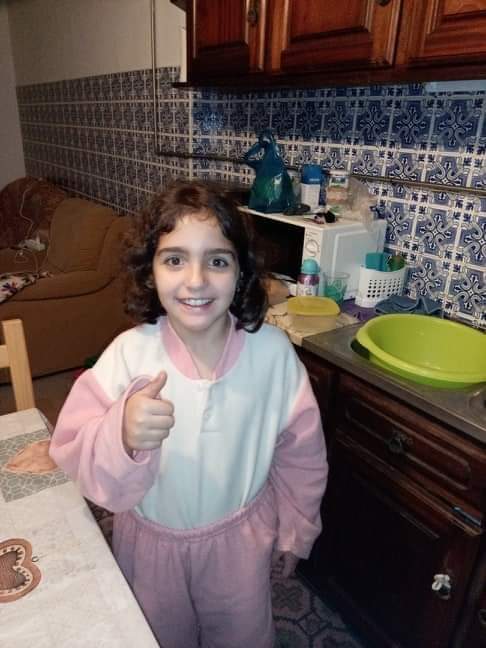 AnaCatarinaOrt's tweet photo. Se alguém viu esta menina por favor contacte PSP/GNR ou para o número que vou deixar aqui.A menina chama-se Valentina Fonseca  mora na Atouguia da Baleia . Ela saiu de casa ontem de manhã, tinha vestido um pijama.

916509649
Se poderem partilhem POR FAVOR https://t.co/2KGdMfj74Y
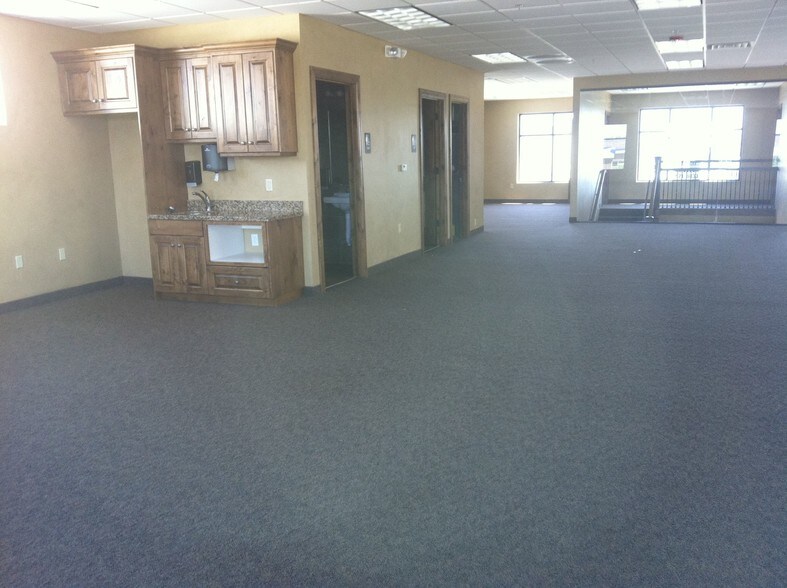 272 E 12200 S, Draper, UT à louer - Photo de l’immeuble – Image 3 sur 22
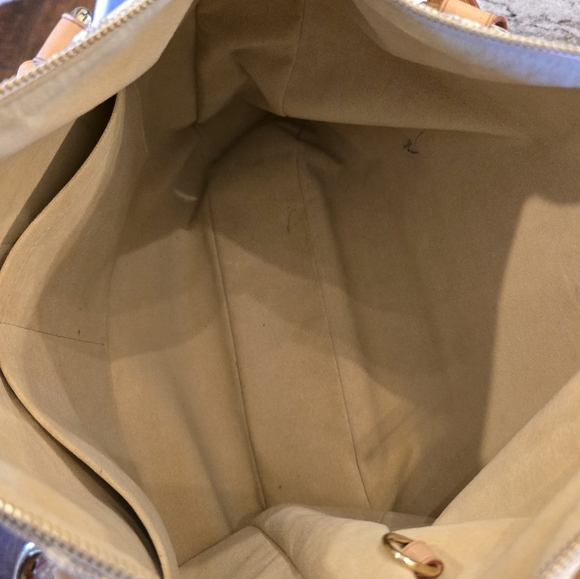 SOLD!!Louis Vuitton Evora MM Damier Azur - Picture 8 of 11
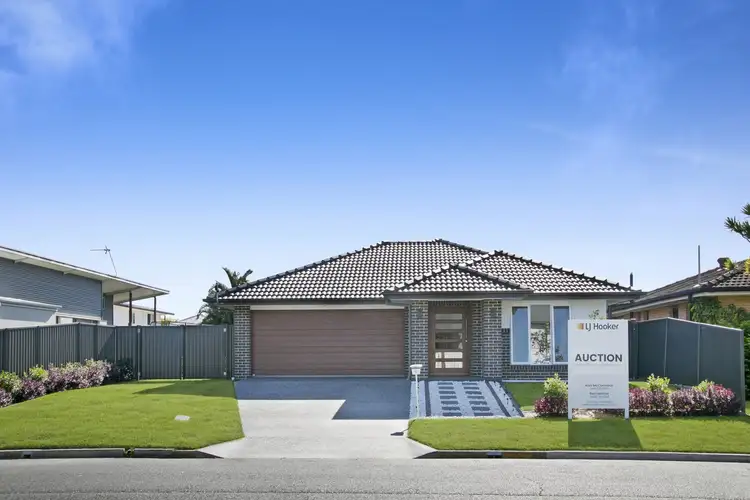 9 Grace Avenue, Labrador QLD 4215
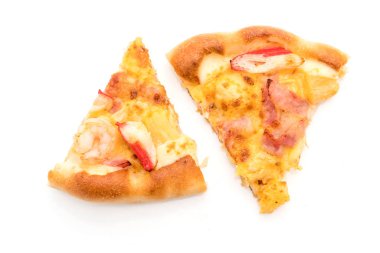 Beyaz arka plan üzerinde izole hawaiian deniz ürünleri pizza 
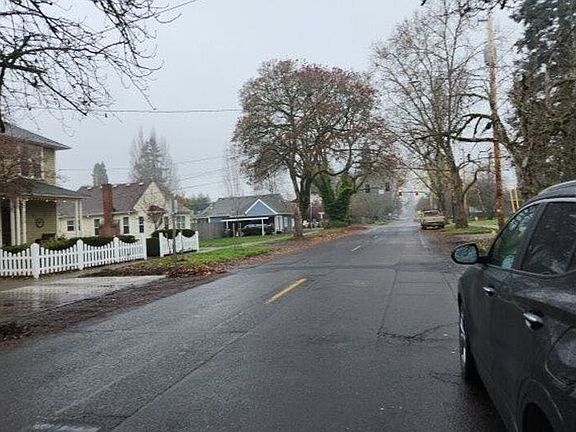 5th image of 143 SE 6th Ave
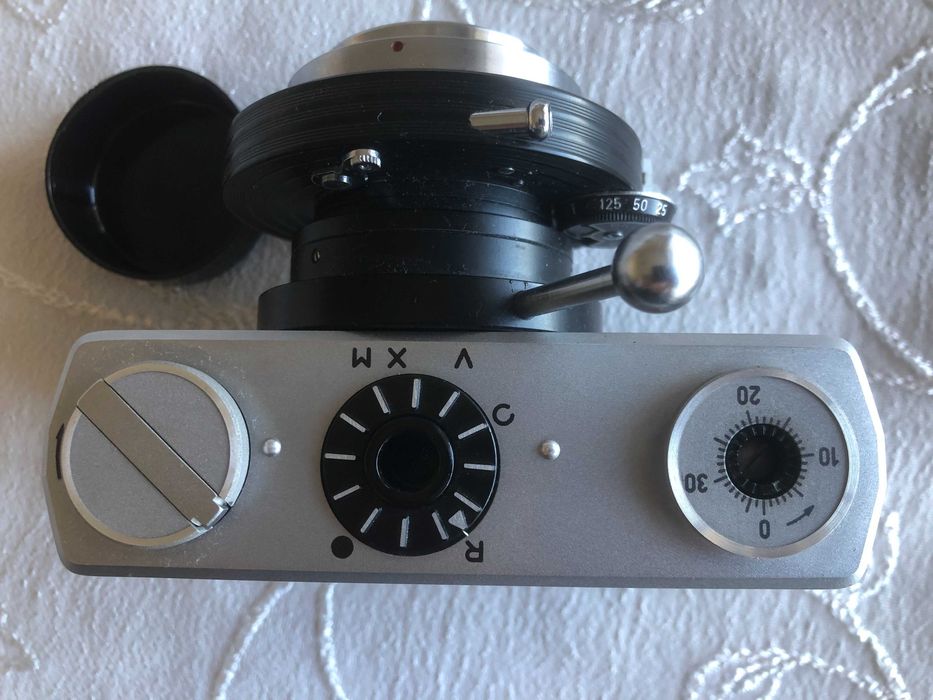 Микроскопски фотоапарат Carl Zeiss Jena Werra с микроскопски адаптер от 60-те произведен в ГДР, лентов 35 мм, изключително рядък, чисто нов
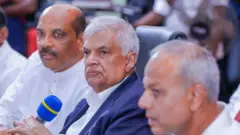 ‘සමාජ සම්මුතිය පාලකයා විසින් ඉරා දමනු ලබන්නේ නම්, ජනතාවට විප්ලව කිරීමේ අයිතිය ලැබෙන බව ජෝන් ලෝක් කියන බ්‍රිතාන්‍ය ජාතික සමාජ සම්මුතිවාදී චින්තකයා කියල තියෙනවා. එහෙම වෙන්න කියල මම කියන්නෙ නෑ. ඒත්, දිගින් දිගට ම ඡන්දය කල් දැමීම අනතුරකට අත වැනීමක්,’දේශපාලන විශ්ලේෂකයෙකු වන ආචාර්ය දයාන් ජයතිලක බීබීසී සිංහල සේවයට පැවසීය.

=-=-=-=-=

Quote every record above exactly, omitting any pictures they contain.

 AnaCatarinaOrt's tweet photo. Se alguém viu esta menina por favor contacte PSP/GNR ou para o número que vou deixar aqui.A menina chama-se Valentina Fonseca  mora na Atouguia da Baleia . Ela saiu de casa ontem de manhã, tinha vestido um pijama.

916509649
Se poderem partilhem POR FAVOR https://t.co/2KGdMfj74Y
 272 E 12200 S, Draper, UT à louer - Photo de l’immeuble – Image 3 sur 22
 SOLD!!Louis Vuitton Evora MM Damier Azur - Picture 8 of 11
 9 Grace Avenue, Labrador QLD 4215
 Beyaz arka plan üzerinde izole hawaiian deniz ürünleri pizza 
 5th image of 143 SE 6th Ave
 Микроскопски фотоапарат Carl Zeiss Jena Werra с микроскопски адаптер от 60-те произведен в ГДР, лентов 35 мм, изключително рядък, чисто нов
 ‘සමාජ සම්මුතිය පාලකයා විසින් ඉරා දමනු ලබන්නේ නම්, ජනතාවට විප්ලව කිරීමේ අයිතිය ලැබෙන බව ජෝන් ලෝක් කියන බ්‍රිතාන්‍ය ජාතික සමාජ සම්මුතිවාදී චින්තකයා කියල තියෙනවා. එහෙම වෙන්න කියල මම කියන්නෙ නෑ. ඒත්, දිගින් දිගට ම ඡන්දය කල් දැමීම අනතුරකට අත වැනීමක්,’දේශපාලන විශ්ලේෂකයෙකු වන ආචාර්ය දයාන් ජයතිලක බීබීසී සිංහල සේවයට පැවසීය.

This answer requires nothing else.